Breadth Reveals Transferability
There's a persistent belief in software that depth is what matters. Pick one domain, go deep, become the expert. Specialize early, specialize hard.
I used to believe this too. Then I tried to assess my own AI capabilities across eight projects spanning seven business domains — and the results challenged everything I thought I knew about skill development.
The depth trap
When you build deeply in one domain, you learn a lot about that domain. You also develop blind spots. Patterns that work in your context start to feel like universal principles. Architectural decisions that were responses to specific constraints start to feel like best practices.
You can't tell the difference between a genuinely reusable pattern and an accidentally specific one if you've only ever used it in one place.
This is the depth trap: the deeper you go, the more confident you become — and the less you know about whether your confidence is warranted.
What breadth actually reveals
When I applied the same architectural patterns across marketing automation, financial services, content management, security, and personal knowledge management, something interesting happened. Some patterns survived every context. Others broke immediately.
The patterns that survived — skill-based agent architectures, tiered memory systems, hybrid execution models — turned out to be genuinely transferable. They worked not because they were designed for any specific domain, but because they addressed universal problems: how to manage growing context, how to let domain experts encode their knowledge, how to balance speed with reliability.
The patterns that broke were the ones I'd been most confident about. They were optimized for specific constraints I'd internalized so deeply that I'd forgotten they were constraints at all.
Breadth didn't dilute expertise. It validated it. Or, more precisely, it separated real expertise from domain-specific muscle memory.
The assessment shift
Traditional skill assessment focuses on depth: how complex is the hardest thing you've built? How many edge cases can you handle? How sophisticated is your implementation?
Multi-project assessment asks a fundamentally different question: does this pattern actually transfer?
A sophisticated architecture proven in one context could be accidental. The same architecture proven across three contexts with different constraints is almost certainly capturing something real.
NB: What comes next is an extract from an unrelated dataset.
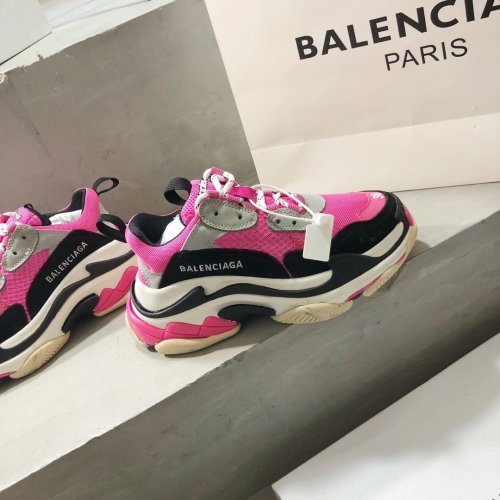 Balenciaga Mens Shoes Triple S Sneaker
This changes the calculus for how to develop AI capabilities. Building one ambitious project might be less valuable than building three moderate ones in different domains — because the second and third projects reveal which lessons from the first are actually portable.
Implications for teams and hiring
This has practical implications beyond personal development.
When evaluating AI engineers, the instinct is to look for depth — "they built a complex agent system" or "they shipped a production RAG pipeline." But an engineer who's built three different agent architectures across three different problem spaces may understand the underlying patterns better than someone who's built one highly optimized system.
The same applies to architecture decisions. If your team is designing an agent framework, the most valuable input comes from people who've tried similar patterns in different contexts — not from those who've only seen one environment.
The uncomfortable truth
Breadth is slower. Building across multiple domains means you're a beginner more often. You make mistakes that specialists would catch immediately. You feel less productive in any single domain than someone who's been there for years.
But breadth compounds in a way that depth doesn't. Each new domain doesn't just add knowledge — it stress-tests everything you already know. The insights that survive this stress test become genuinely reusable principles. The ones that don't were always context-specific, even when they felt universal.
The leap from capable to truly skilled isn't about going deeper into what you already know. It's about discovering which parts of what you know are actually yours to keep.